TRY IT: Copying exactly, give the lines in the material below from the one with "三菱（MITSUBISHI） Pシリーズ 冷蔵庫" to the one with "班主任教师下学期教学工作总结.doc_第1页", ends included, and nothing besides.

STUDY MATERIAL:
• • •

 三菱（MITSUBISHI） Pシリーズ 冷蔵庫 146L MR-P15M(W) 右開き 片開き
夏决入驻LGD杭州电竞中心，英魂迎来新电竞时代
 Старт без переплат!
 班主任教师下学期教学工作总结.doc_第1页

• • •

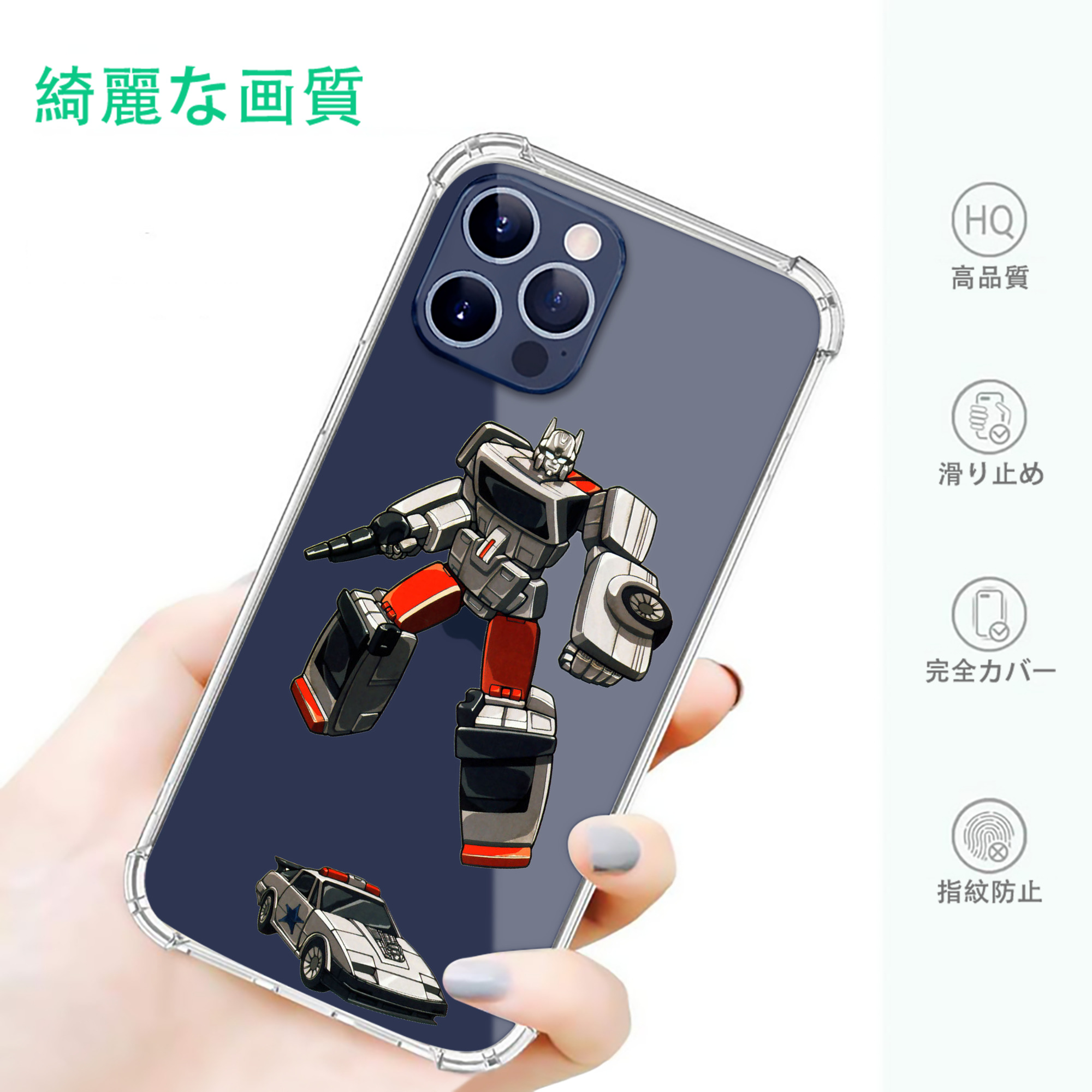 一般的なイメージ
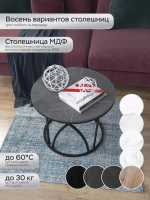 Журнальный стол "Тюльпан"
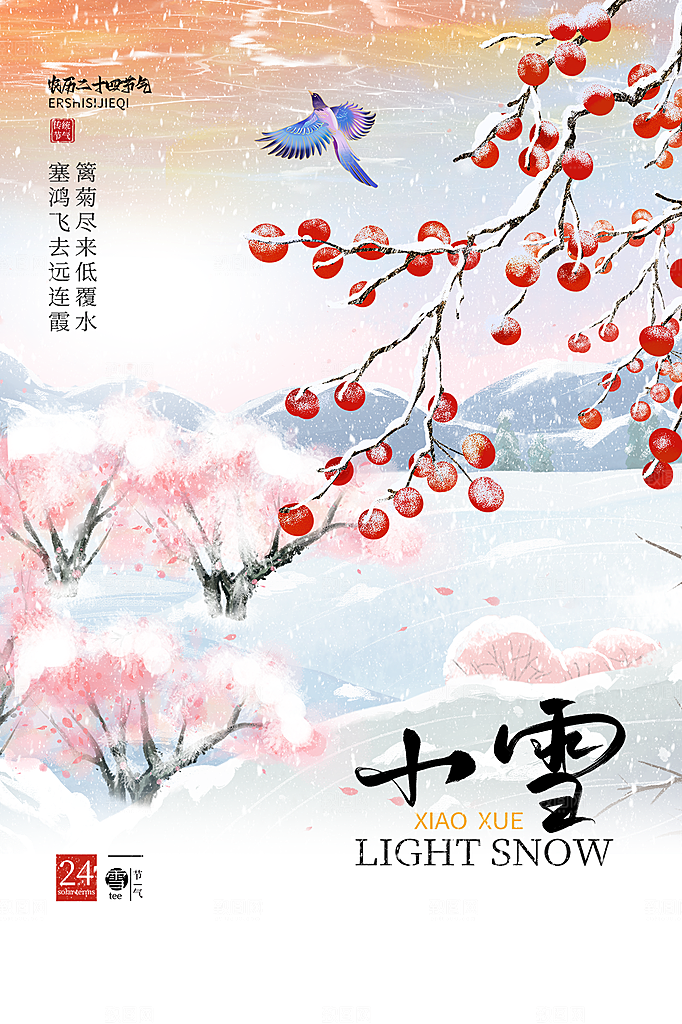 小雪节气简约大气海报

• • •

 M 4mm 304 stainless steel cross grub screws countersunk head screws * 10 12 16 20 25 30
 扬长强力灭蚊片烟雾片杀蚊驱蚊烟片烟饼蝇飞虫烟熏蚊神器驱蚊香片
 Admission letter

• • •

WRITTEN SOLUTION:
 三菱（MITSUBISHI） Pシリーズ 冷蔵庫 146L MR-P15M(W) 右開き 片開き
夏决入驻LGD杭州电竞中心，英魂迎来新电竞时代
 Старт без переплат!
 班主任教师下学期教学工作总结.doc_第1页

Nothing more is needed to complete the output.